Over a decade later the 'love of her life' was posted to India for work reasons. She quit her own job as a national radio announcer and followed him to New Delhi. Prophecy fulfilled.
It's not hard to think of India as the most 'here and now' culture on the Earth - full of contradictions, endless surprises and enthusiasm for life, the Indian people are a joy to behold. Even if, as MacDonald discovers, it's sometimes hard to take for poor Western people accustomed to our more homogenised culture.
Her book is an exercise in confronting the unexpected, and even unexplained, as she experiences such things as being cursed by a naked sadhu (an event that may, or may not, have lead to double pneumonia), and meeting the goddess of healing hugs (which may, or may not, have lead to having her breasts balloon in size).
Holy Cow is effectively a hip travel book for the young, and the young at heart, as it bounces through pop-culture references and snappy language with an energy that is hard to resist.

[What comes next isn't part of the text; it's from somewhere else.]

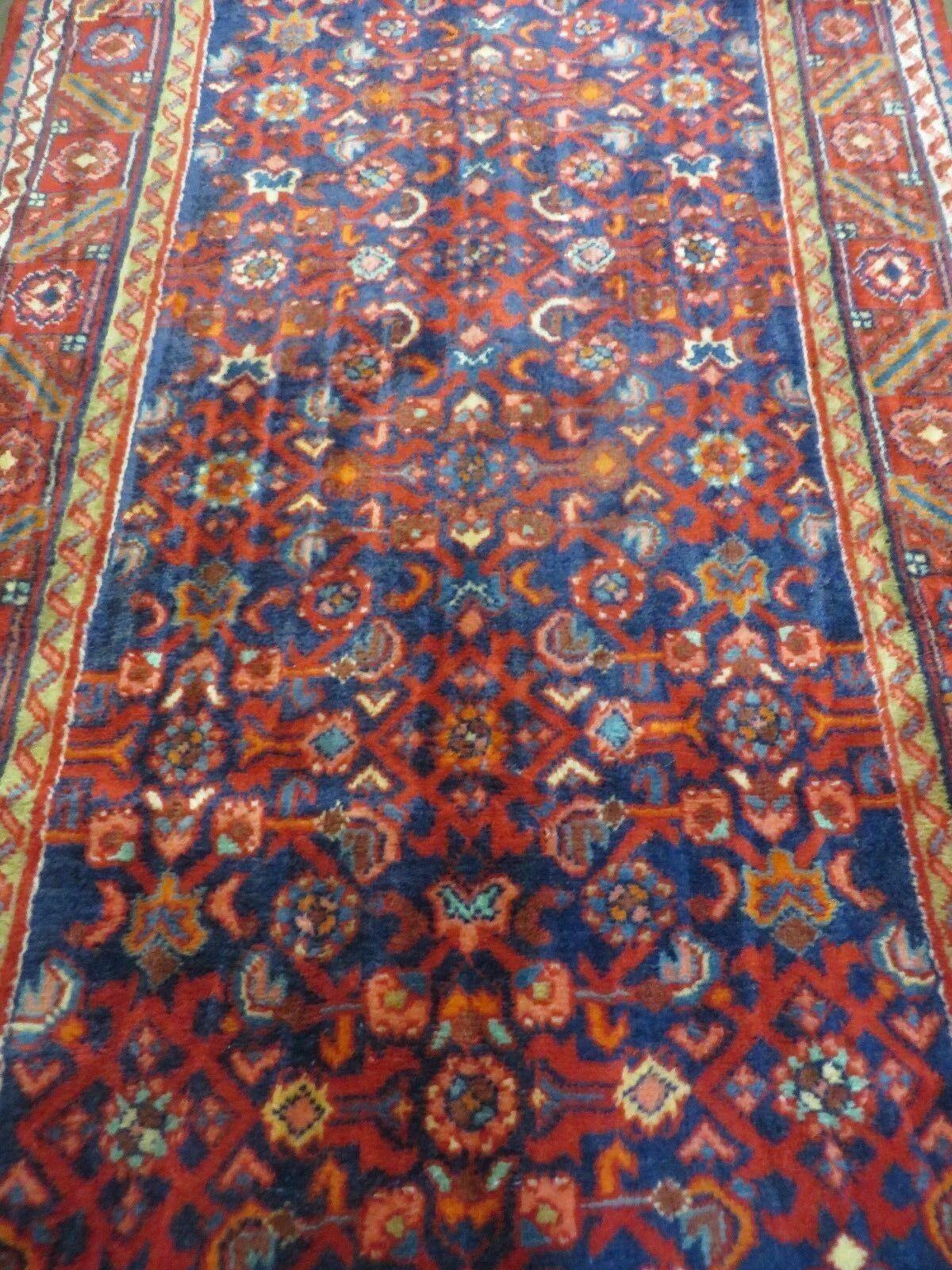 3' 6" X 10' 4" Antique Handmade India Floral Oriental Wool Runner Rug # 128
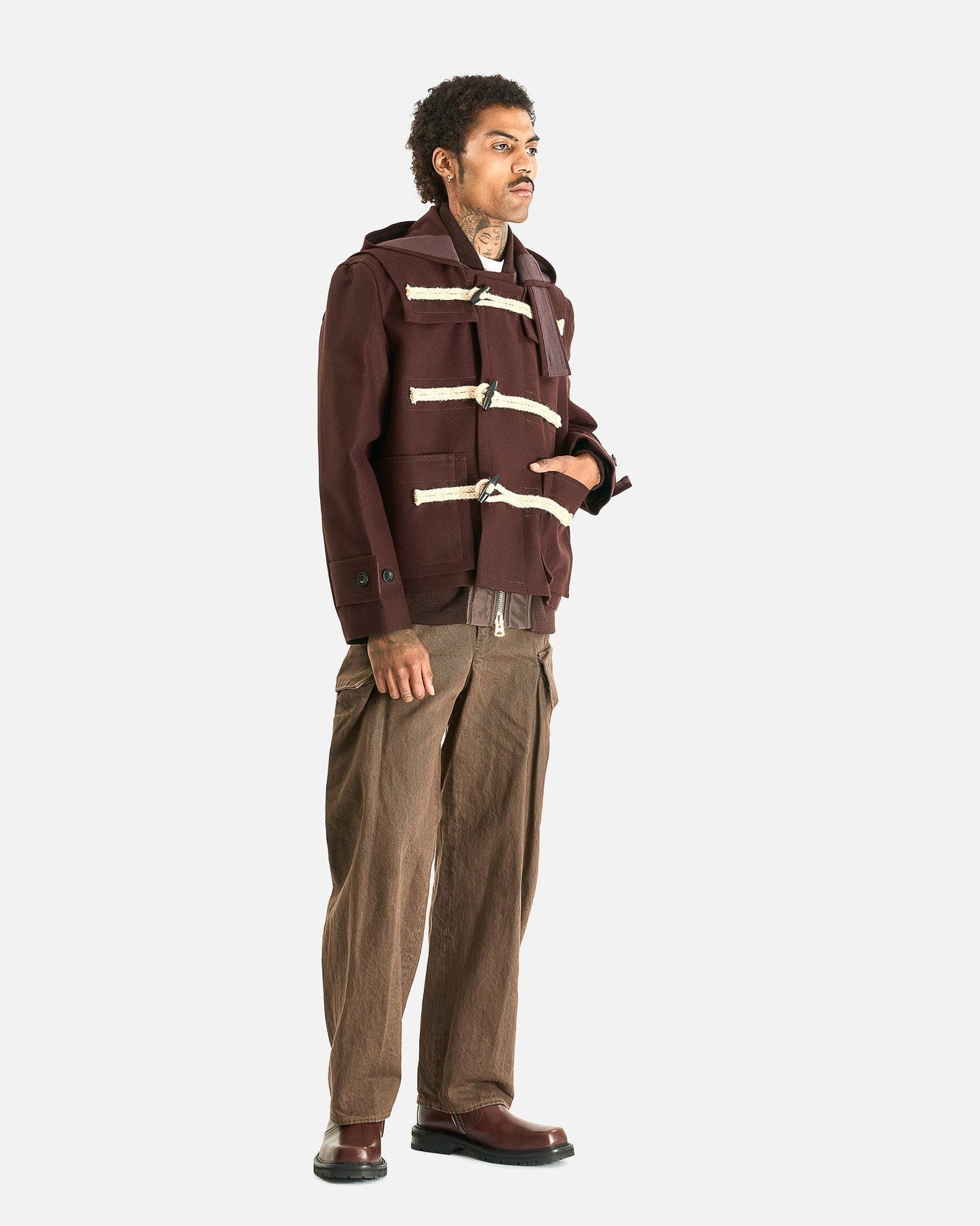 Sacai Men's Jackets Wool Melton Blouson in Brown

Overall it's a fun and engaging read - those expecting some deep introspection and analysis of the various religions and traditions MacDonald encounters should know better from the title alone. If anything it is reminiscent of the Bollywood films mentioned throughout: bright and colourful, while changing tack on the head of a pin.

Forbidden Love
By Norma Khouri
Published by Bantam
In Jordan the 'ancient tradition' of honour killing still continues.
It's a horrific practice that effectively encourages the murder of women believed to have dishonoured their family through 'immoral' actions.
Forbidden Love by Norma Khouri is a literary attempt to bring wider attention to the monstrous tradition, while also offering a more personal memorial to a close friend.
Published elsewhere under the title Honour Lost, Forbidden Love tells the true story of Dalia, a young Arabian Muslim woman living with her family in Amman, Jordan.
Through the sort of encounter we would think of as romantic in the West, she falls in love with Michael, a Catholic man.
Conducting their chaste affair in utmost secrecy (with the clandestine help of friend Norma), the pair eventually arouse the suspicion of one of Dalia's brothers. Predictably, but still overwhelmingly shocking, their short love story ends in a dreadful tragedy when her own father kills her for shaming the family.
As a result of writing the book (reportedly in an Internet café), Khouri herself was threatened with death by her own family for "shaming them in public". She was forced to flee to Athens (and now lives in Australia) for her own safety.
Forbidden Love is a powerful and moving book, and while it's being promoted as a work that will "strike a chord with women everywhere", I think it has equal appeal to male readers. At least in this country.